Now if we: invested a lot, long term, in capital infrastructure, education and healthcare, taxed the rich a bit more, regulated inefficient markets better and put aside money for crises such as this- just think where we'd be in a few decades
Absolutely. The issue in the UK is that it's been a case of 'keep stamp duty down, low income tax, no rise to NI, no raise in the upper tax bracket' and so on and so forth, people lap up the 'low tax' part of UK living, but they simultaneously demand free at the point of access health care, a healthy jobs market so they can afford to buy overpriced homes, cheap personal loans to buy and run multiple cars, and cheap fuel to put in those totally unnecessary cars, free state education for their children, an armed forces to protect them, the expectation of foreign holidays at a competitive exchange rate, and an ever increasing and improving standard of living.
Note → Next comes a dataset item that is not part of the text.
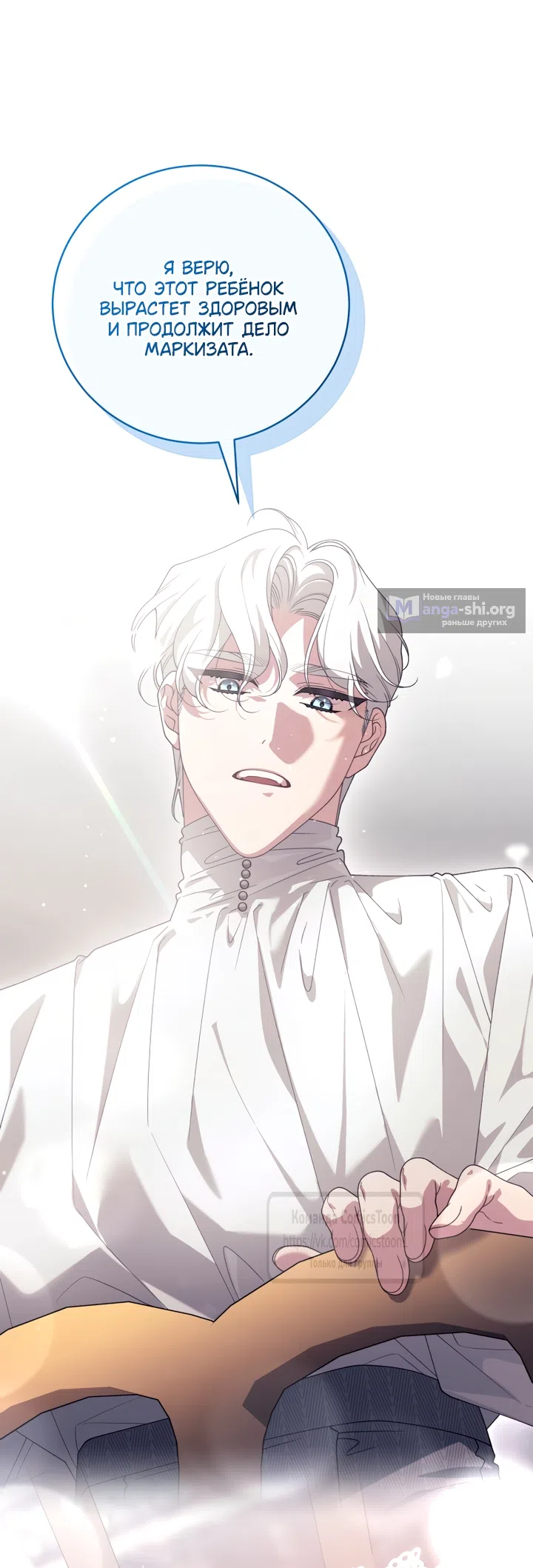 Страница 37 главы 114 манги Ручной зверь злодейки / The Villainess Tames the Beast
So how does a government provide this 'cheap everything' utopia that the UK public seems to expect in perpetuity? Well not buy telling them that it's totally unrealistic and unsustainable, nope, well just borrow a few trillion more and pour that down the drain as well.
The fact is, the UK public have had the wool pulled over their eyes for decades by politicians who only care about electoral viability, and are totally unwilling to point out some difficult and unpalatable truths about the reality of the UK economy.